La zona de interés

Resulta tan ocioso como inevitable especular sobre los caprichos del Oscar y la injusticia o no de sus postulaciones y elecciones subsiguientes. Todos los años hay inmerecidos triunfadores y relegados aún más injustamente relegados. En realidad este año, el balance final no fue tan terrible. Oppenheimer es una de las películas de la década y junto a ella, acaso tan relevante se destaca una de las películas más sobrecogedoras y reveladoras de la época y sobre la cual conviene detenerse: La zona de interés. Ambas comparten, ironía que sin duda escapa a la Academia, una preocupación por el Mal, una espectacular, la otra minimalista.

La película se basa en una novela excelente de un notable escritor ingles llamado Martin Amis y su tema es, por decir lo menos, escabroso. Junto al campo de exterminio de Auschwitz se encuentra la casa de su director, Rudolf Hoss quien vive con su esposa y sus cinco hijos en una casa normal, amplia, cómoda desde la cual, si alguien quisiera podría atisbar al horror de la usina de muerte que funciona a pocos metros. El punto de esa zona de interés que constituye la indiferencia es que nadie, absolutamente nadie quiere asomarse a ese abismo que se toma como algo natural. El horror del caso está en el deliberado propósito de la película de tomar por buena esa actitud y respetar sus normas de aberración. La película no trasgrede la barrera autoimpuesta por la familia de Hoss y solo vemos de Auschwitz las chimeneas y algún elemento colateral. Y por si fuera poco hay una sola estridencia en la parsimonia con la cual novela y película describen la plácida vida cotidiana del verdugo y  su familia. Es el momento en el cual, dado  su excelente desempeño Hoss es promovido temporalmente a una posición supervisoria lo cual implica para su esposa y familia abandonar la placentera vida que llevan, lo cual implica la rebelión de la esposa.

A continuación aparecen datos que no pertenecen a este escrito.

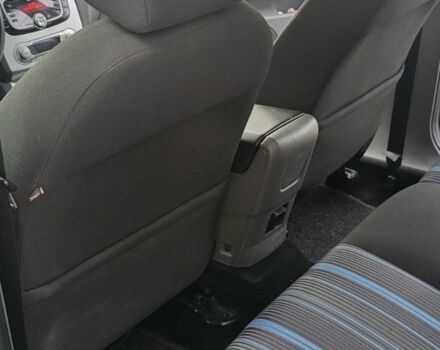 Черный Форд Фокус, объемом двигателя 1.6 л и пробегом 241 тыс. км за 6500 $, фото 7 на Automoto.ua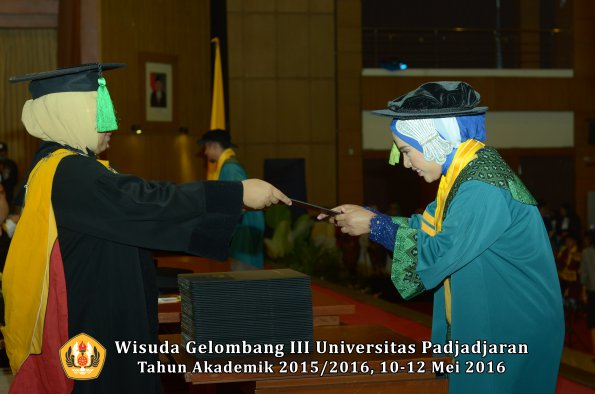 Wisuda Unpad Gel III TA 2015_2016  Fakultas Kedokteran oleh Dekan 011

La película es, en su deliberado laconismo una dramatización de la muy célebre banalidad del mal. Nadie cuestiona la monstruosidad de la tarea asignada y ejecutada y  la película muy hábilmente se hace eco narrativamente de ese punto de vista. Ni siquiera adivinamos una voluntad deliberada de no mirar lo innombrable. La actitud es tan siniestra como normal. La zona de interés no es lo que ocurre, el asesinato en masa y el uso de la tecnología de muerte y su eficientización a ultranza descrita en una horrible reunión de trabajo al comienzo. La zona de interés, el núcleo del Mal está en esa indiferencia cotidiana, en ese aura siniestra en la cual lo innombrable es relegado y aceptado como un dato menor, acaso inexistente. Hoss no es presentado como el estereotipo que nos haríamos de un monstruoso nazi. Es monstruoso, el y su familia, por su indiferencia, por la forma en la cual la mancha histórica que se desarrolla unos metros más allá es ignorada, no como un acto volitivo consciente sino, como algo que no merece un comentario. En esta cosmovisión del horror, el personaje clave no es necesariamente el director del campo sino la esposa como portadora de los valores del Reich.

Existe, en la imaginación de este cronista el premio al arenque en mal estado del año que esta vez fue para ese bodrio pretensioso llamado Pobres criaturas, acaso rescatable del olvido por el barroquismo de su fotografía, vestuario y maquillaje, estos últimos junto a la protagonista merecedores de un Oscar. (Hace cincuenta años Mel Brooks lo había hecho mucho mejor con El joven Frankenstein). Es una verdadera lástima que el Oscar a la mejor actriz haya ido a ese maniquí fantochesco y ninfómano que compone Emma Stone y no a la frialdad que Sandra Huller le presta a ese personaje siniestro, digna protagonista de un filme de horror. Cosas del Oscar. El Mal, se olvida a menudo , no es siempre espectacular. Las más de las veces es arrullado por la indiferencia, la frivolidad o  la normalidad de lo cotidiano. Por la banalidad, en suma.